Much as one may regret it, it seems assured: The entire reporting is nothing more than a string of empty phrases. They refer to the intermediate score or the final result. If no goal is scored for 40 attacks, then “there are no ideas”, then “the last pass is not received”, then “there is no movement in the game” or “ultimately the catastrophic lack of finishing” is responsible. As soon as the goal is scored, the “collective deep sleep”, the “catastrophic positional errors” and “the weak goalkeeping” of the other side are to blame. So banal are phrases strung together that only emphasise the negative, are not even funny, let alone true or otherwise entertaining in the sense of building suspense.
What actually makes one a journalist, a reporter, who goes into the field of sports, especially football, and why? Isn’t it a kind of dream job? On the one hand, there should be an enthusiasm for the subject, on the other hand, the joy of being part of something great and being able to convey that to the listener/spectator? Shouldn’t one intuitively realise that the beautiful moments, the thrilling actions, the dramatic progressions should be far in the majority, and, if it were felt otherwise, still try to spice up the (then only perceived as low) tension, even if one only pretends passion to the followers?
Like, “I have to go to work in a minute.” “Yeah?
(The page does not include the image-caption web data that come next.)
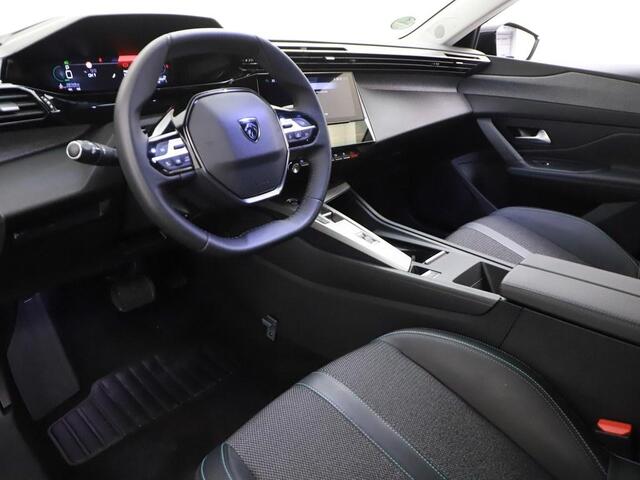 Peugeot 408 1.2 Hybrid 145pk Automaat Allure Nav/H.Leder/ Camera/Carplay/19inch/Vc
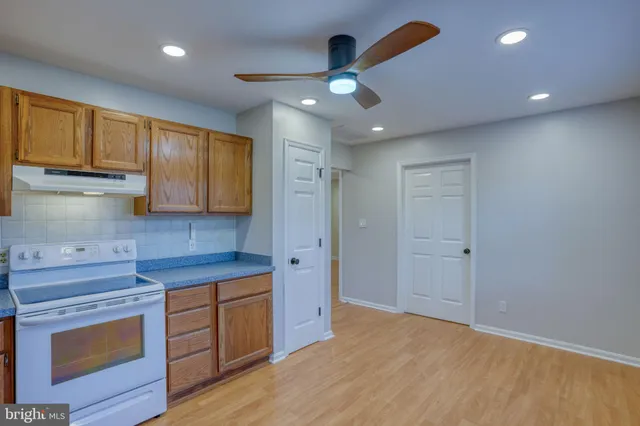 $369,500 | 28 Lakewood Drive, Lewes, DE 19958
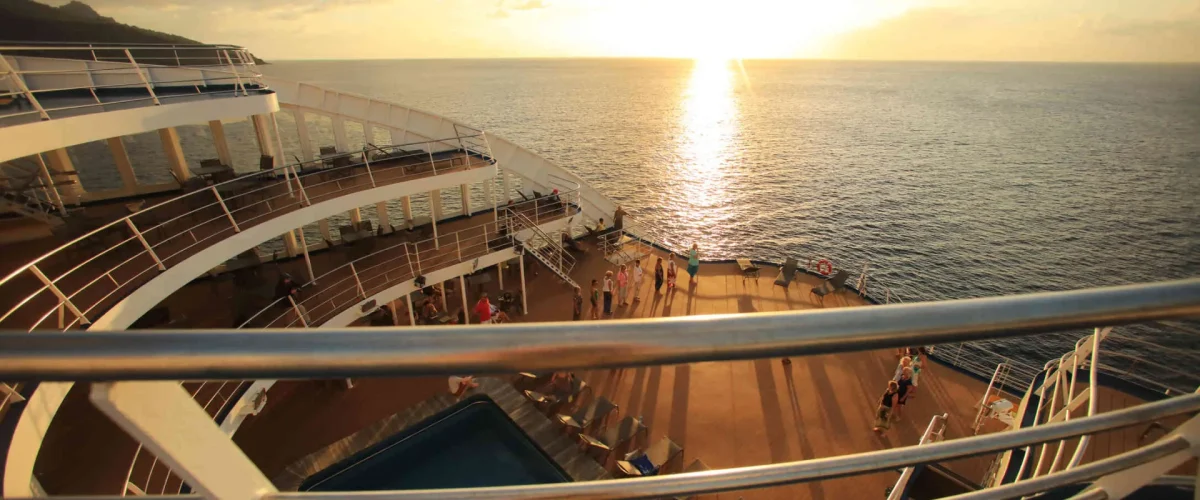 Aranui cruise boat in the waters of Tahuata with its sunset © Tahiti Tourisme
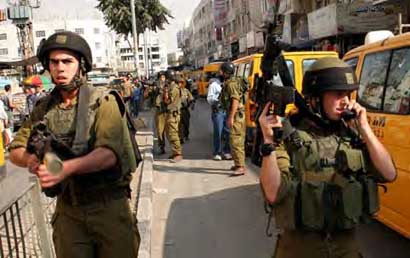 Les Forces de Sécurité de l’Autorité Palestinienne critiquent l’invasion israélienne d’une ville près d’Hébron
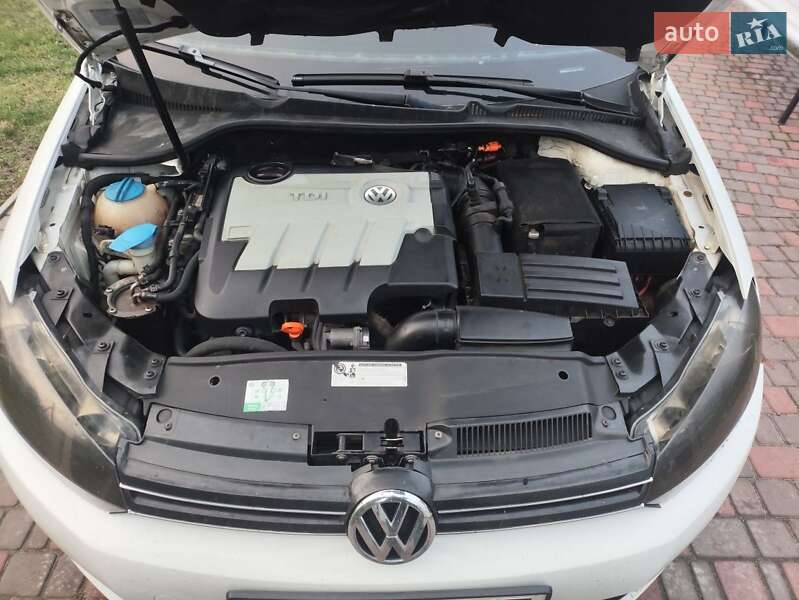 Універсал Volkswagen Jetta 2012 в Нових Санжарах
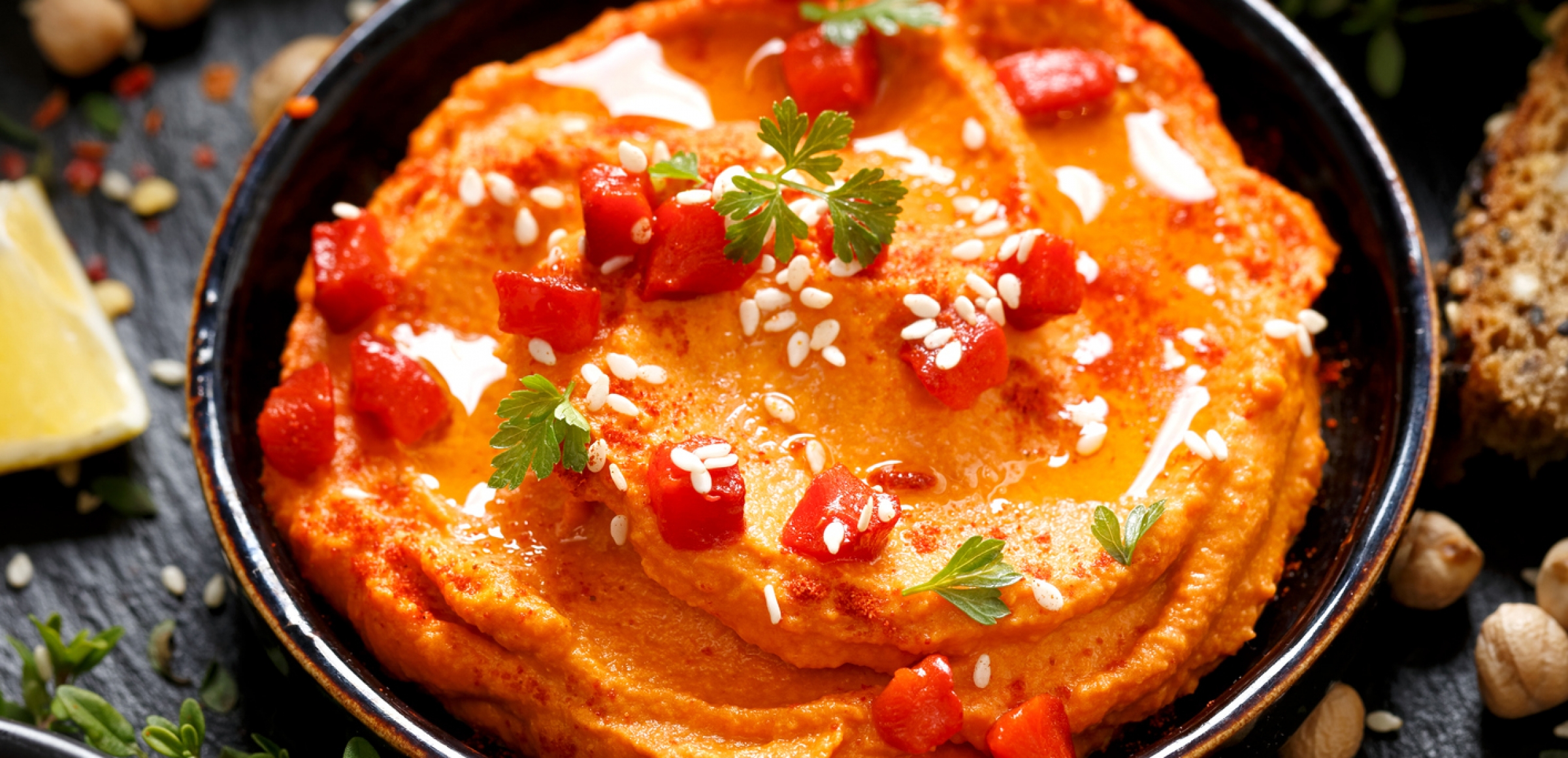 Paprika-Hummus mit Kreuzkümmel | Rezept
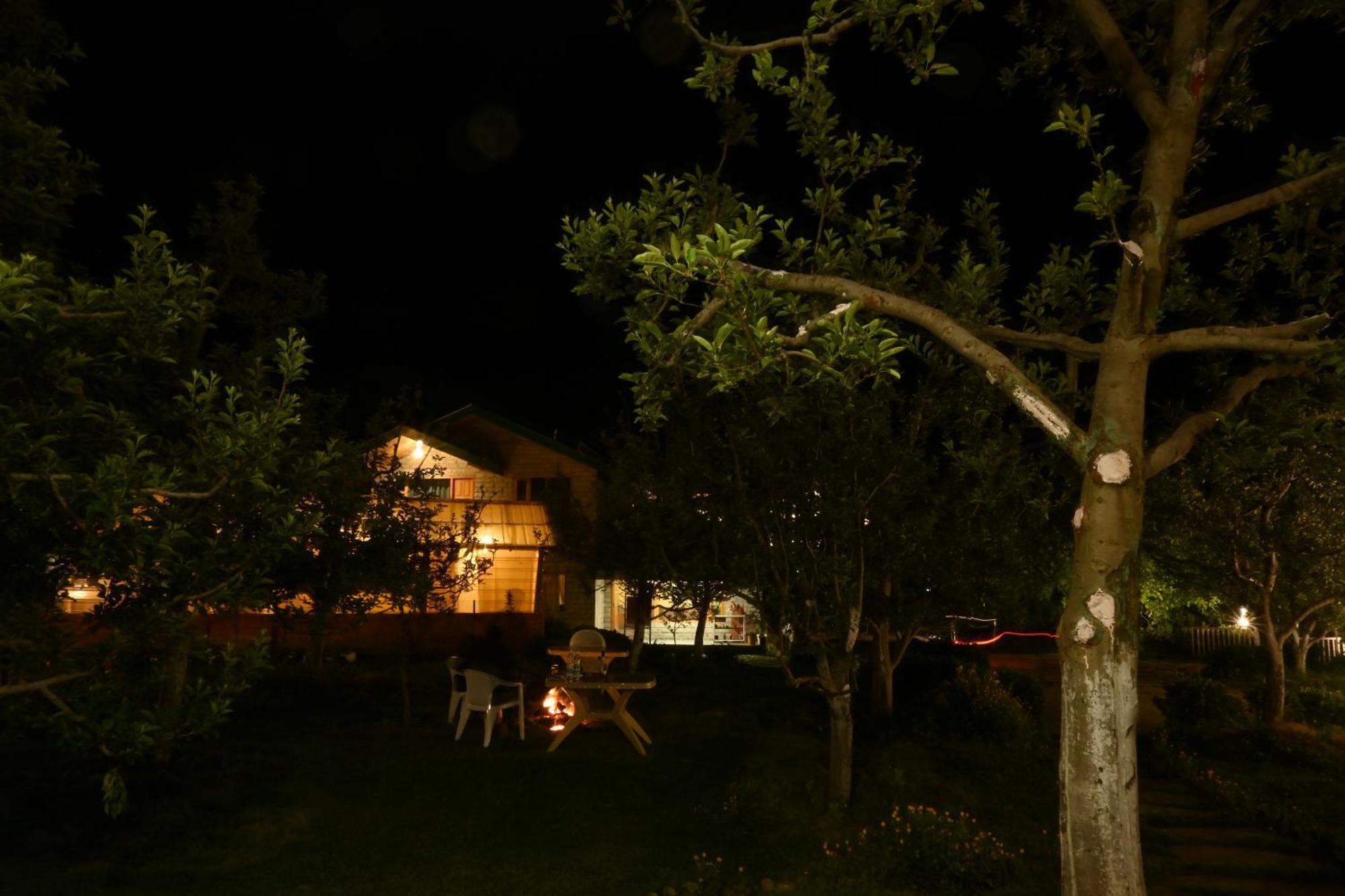 Cascade Mountain Retreat Manali Bed & Breakfast Exterior foto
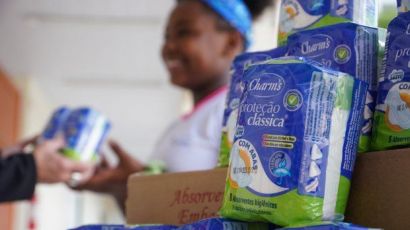 SC inicia distribuição de absorventes para 64 mil estudantes da rede estadual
Oh, what do you do?” “Well, I commentate on football matches. It’s an annoying job.” “Ah, so what’s your job?” “Well, my job is to entertain the viewer. A job like any other service job. You have to put on a different face than how you really feel at the time. The stewardess has to smile throughout even if she feels like crying, the hairdresser has to feign interest in everyday banalities of his customers, and I have to pretend that what I’m commenting on is exciting, dramatic, great.” So even if it were just a “job like any other”, one would have a duty to fill it – or, even better, change profession.
Apart from that, any phrase, if accepted as such – of course there will be disputatious minds that would call such a partial phrase simply not a phrase but an actually accurate analysis of the game situation — is unsuitable for conveying tension. It is also unsuitable for bringing out differentiations that make the beauty of the game, the perceived drama and passion recognisable. Every single phrase – even if it were humorous – turns the action into a uniform mash that one might still be able to eat, but which lacks palatability.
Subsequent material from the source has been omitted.